EASL Clinical Practice Guidelines

Epidemiology of AIH

AIH is an non-resolving chronic liver disease that affects mainly women and is characterized by hypergammaglobulinaemia even in the absence of cirrhosis, circulating autoantibodies, association with human leukocyte antigens (HLA) DR3 or DR4, interface hepatitis on liver histology, and a favourable response to immunosuppression [[2], [3], [4], [5]]. The disease, if untreated, often leads to cirrhosis, liver failure and death.

AIH is considered relatively rare, as its prevalence ranges from 16 to 18 cases per 100,000 inhabitants in Europe [[6], [7], [8], [9], [10], [11]]. Until recently, the incidence and prevalence of AIH on a population-based level was assessed in only two studies [[6], [9]]. Interestingly however, higher prevalence rates have been reported in areas with quite stable populations.

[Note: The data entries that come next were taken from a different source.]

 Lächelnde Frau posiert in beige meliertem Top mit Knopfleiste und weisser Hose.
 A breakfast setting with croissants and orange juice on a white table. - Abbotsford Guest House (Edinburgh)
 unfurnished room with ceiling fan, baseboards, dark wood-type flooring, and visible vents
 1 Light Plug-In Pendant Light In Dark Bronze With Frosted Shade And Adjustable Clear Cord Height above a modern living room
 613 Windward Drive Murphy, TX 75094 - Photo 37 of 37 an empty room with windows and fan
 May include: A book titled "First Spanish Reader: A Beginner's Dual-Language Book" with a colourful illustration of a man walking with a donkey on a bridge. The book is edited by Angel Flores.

For instance, prevalence rates of 42.9 cases per 100,000 and 24.5 cases per 100,000 inhabitants have been reported in Alaska natives [12] and New Zealand [9], respectively. In addition, a large Danish nationwide population-based study assessed the incidence and prevalence of AIH in Denmark during a nearly 20 year time period ranging from 1994 to 2012 including 1721 AIH patients [13]. The most striking observation in that study was the marked increase in AIH incidence over time, which could not be attributed to a relative change in case ascertainment rates. Actually, the incidence rate of AIH in Denmark has nearly doubled between 1994 to 2012, reaching a point prevalence in 2012 of 24/100,000 (35/100,000 for females) [13].

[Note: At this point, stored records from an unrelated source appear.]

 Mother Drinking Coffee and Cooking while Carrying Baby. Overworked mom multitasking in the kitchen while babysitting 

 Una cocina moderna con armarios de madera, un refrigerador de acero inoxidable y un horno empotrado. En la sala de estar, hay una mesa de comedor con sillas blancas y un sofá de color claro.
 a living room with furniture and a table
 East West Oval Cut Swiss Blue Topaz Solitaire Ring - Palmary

AIH prevalence and clinical expression seem to vary according to ethnicity. Alaskan natives appear to have a high frequency of acute icteric disease at the disease onset [12], and the disease is more common and more severe in North American Aboriginal/First Nations populations compared with predominantly Caucasian, non-First Nations populations [14]. African-American patients more commonly have cirrhosis, a higher frequency of treatment failure and higher mortality than white American patients [[15], [16]]. Mexican Mestizos commonly show cirrhosis at initial evaluation [17] and patients of Hispanic origin are characterized by an aggressive presentation both biochemically and histologically with a very high prevalence of cirrhosis and cholestatic features [[18], [19]], whereas patients of Asian or other non-European Caucasoid background have very poor outcomes [[18], [20]]. Although most of the above mentioned studies are retrospective and have been performed in tertiary centres, these observations have led to the assumption that AIH has diverse clinical phenotypes and outcomes in different ethnic groups within a country and between countries. These differences may reflect genetic predispositions, indigenous etiological agents, and/or pharmacogenomic mechanisms, but they might also be primarily due to complex socioeconomic reasons such as variations in the delivery of health care, delayed diagnosis as well as competing risk factors [21].